This article first appeared in Bulletin #184, the quarterly journal of the T.I.C.

 

The 2020 list

In September 2020 the European Union (EU) published its fourth Critical Raw Materials (CRM) list for the EU1. The list of 30 materials includes both niobium and tantalum, a position which is unchanged from the previous (2017) list.

The T.I.C. has followed this project closely through its membership of the TARANTULA Project (https://h2020-tarantula.eu) and the CRM Alliance (www.criticalrawmaterials.org).  The Association was contacted for information by analysts working on this project on behalf of the European Commission, although the EU’s methodology prevents industry stakeholders from proposing a position regarding the inclusion or exclusion of either element2. The 30 raw materials listed below were chosen from a shortlist of 83 individual materials. Those on the list are  deemed to be critical for the EU because risks of their supply shortage and impacts on the economy are higher than those of most other raw materials. According to the analysis behind the new list, since 2017 the supply risk for tantalum has increased, while niobium has seen an increase in both supply risk and economic importance.

Antimony

Cobalt

Heavy REEs*

Natural rubber

Silicon metal

Baryte

Coking coal

Indium

Niobium

Strontium

Bauxite

Fluorspar

Lithium

PGMs

Tantalum

Beryllium

Gallium

Light REEs*

Phosphate rock

Titanium

Bismuth

Germanium

Magnesium

Phosphorus

Tungsten

Borates

Hafnium

Natural graphite

Scandium

Vanadium

* REEs - rare earth elements

The 2020 list confirms 26 of the 2017 CRMs. Three CRMs in the 2020 list were not considered as critical in the 2017 list: bauxite, lithium and titanium. Conversely, helium, critical in the 2017 CRM list, is no longer in 2020. Strontium is the only material that appears for the first time in the 2020 list of CRMs.
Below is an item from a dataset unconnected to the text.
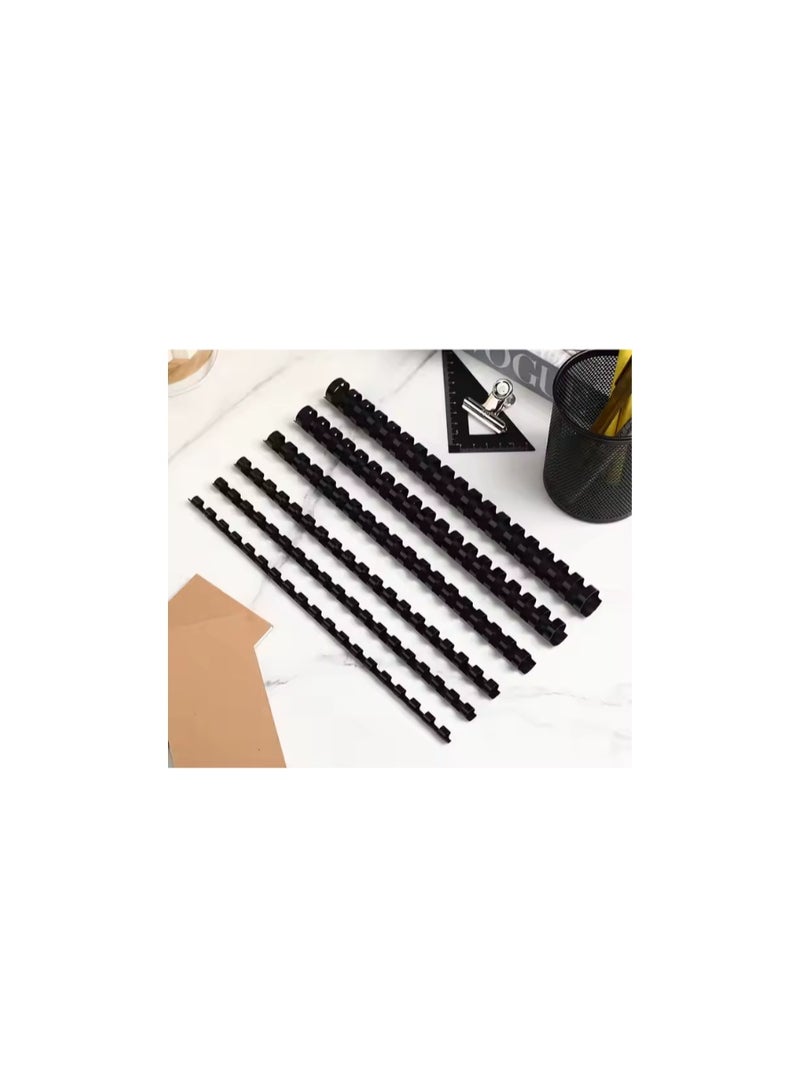 Kalon 10MM Plastic Spiral Binding Ring Black 21 holes For A4 Book and Notebook,Paper Office & School Pack Of 100Pcs  - Image 2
All raw materials, even when not classed as critical, are important for the EU economy. The fact that a given material is classed as non-critical does not imply that availability and importance to the EU economy can be neglected. Moreover, the availability of new data and possible evolutions in EU and international markets may affect the list in the future.

Development of the CRM list

The EU’s initial Raw Materials Initiative was first developed in 2008 to tackle the challenges related to what it saw as access to raw materials during a period commonly described as a Chinese-driven commodities ‘supercycle’, a period of relatively high commodity prices. The first list of 14 critical raw materials was produced by the European Commission in 2011 and included both tantalum and niobium. Tantalum was not a CRM in the second list but was in the third list. Niobium has been on all four lists.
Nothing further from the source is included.